▶ **Activity**
From the line with "1.35 Ct. Yellow" to the final line of the data below, please write out every line exactly, with no pictures.

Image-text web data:
•••

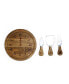 Cinderella Brie Cheese and Cutting Board Tools Set, 4 Pieces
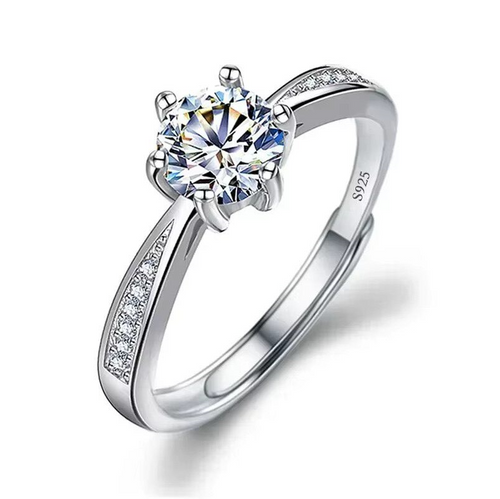 Dazzle Dime® Fine Jewelry Collection with 1CT Lab-Grown Diamonds in 925 Sterling Silver – White Gold Clad DAZZLE DIME®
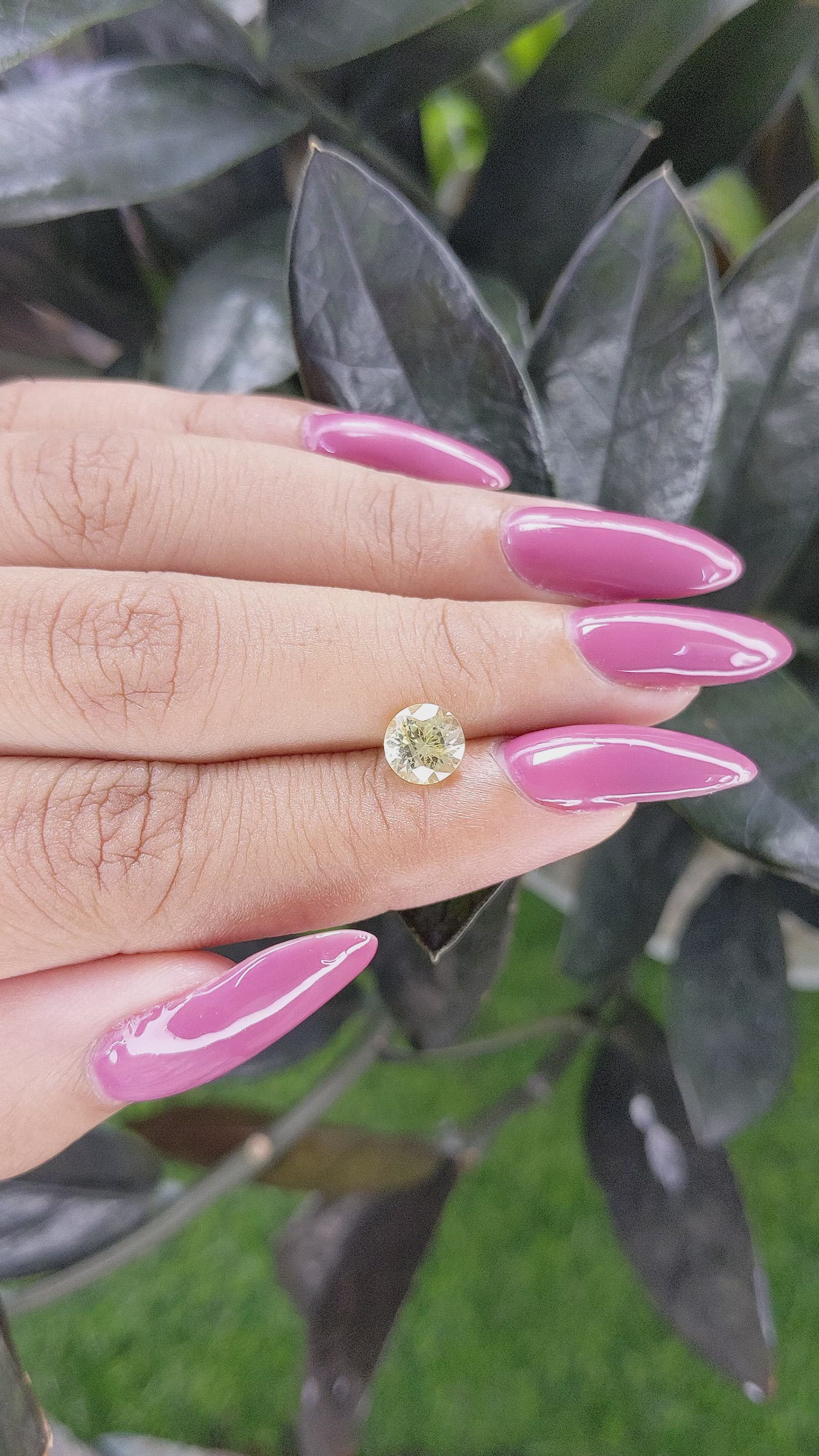 1.35 Ct. Yellow Sapphire from Ceylon (Sri Lanka) Size Video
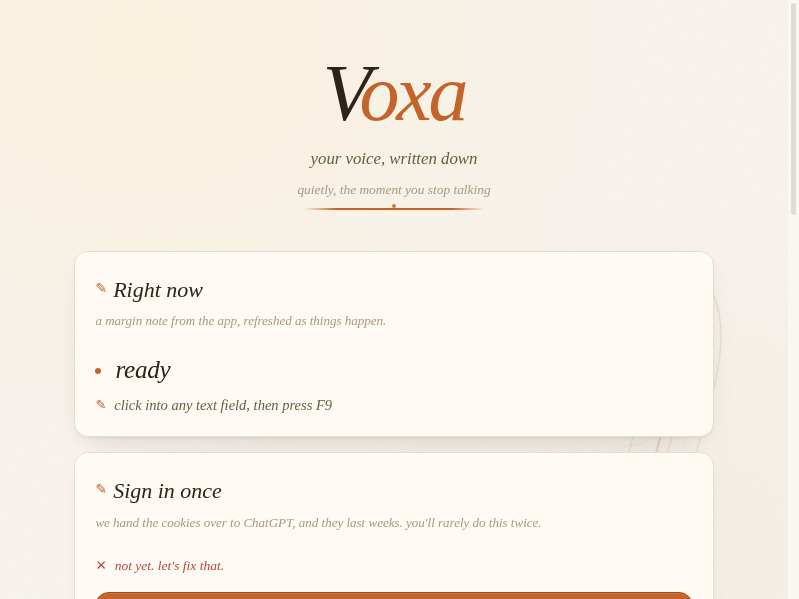 Screenshot of Voxa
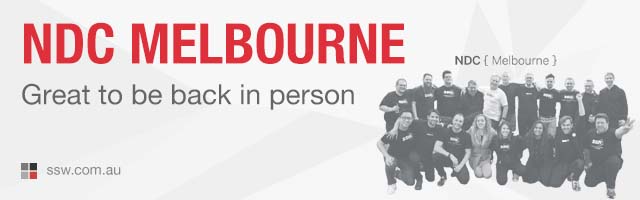 NDC Conference Melbourne – We’re back in-person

•••

▶ **Solution for this problem**
 1.35 Ct. Yellow Sapphire from Ceylon (Sri Lanka) Size Video
 Screenshot of Voxa
 NDC Conference Melbourne – We’re back in-person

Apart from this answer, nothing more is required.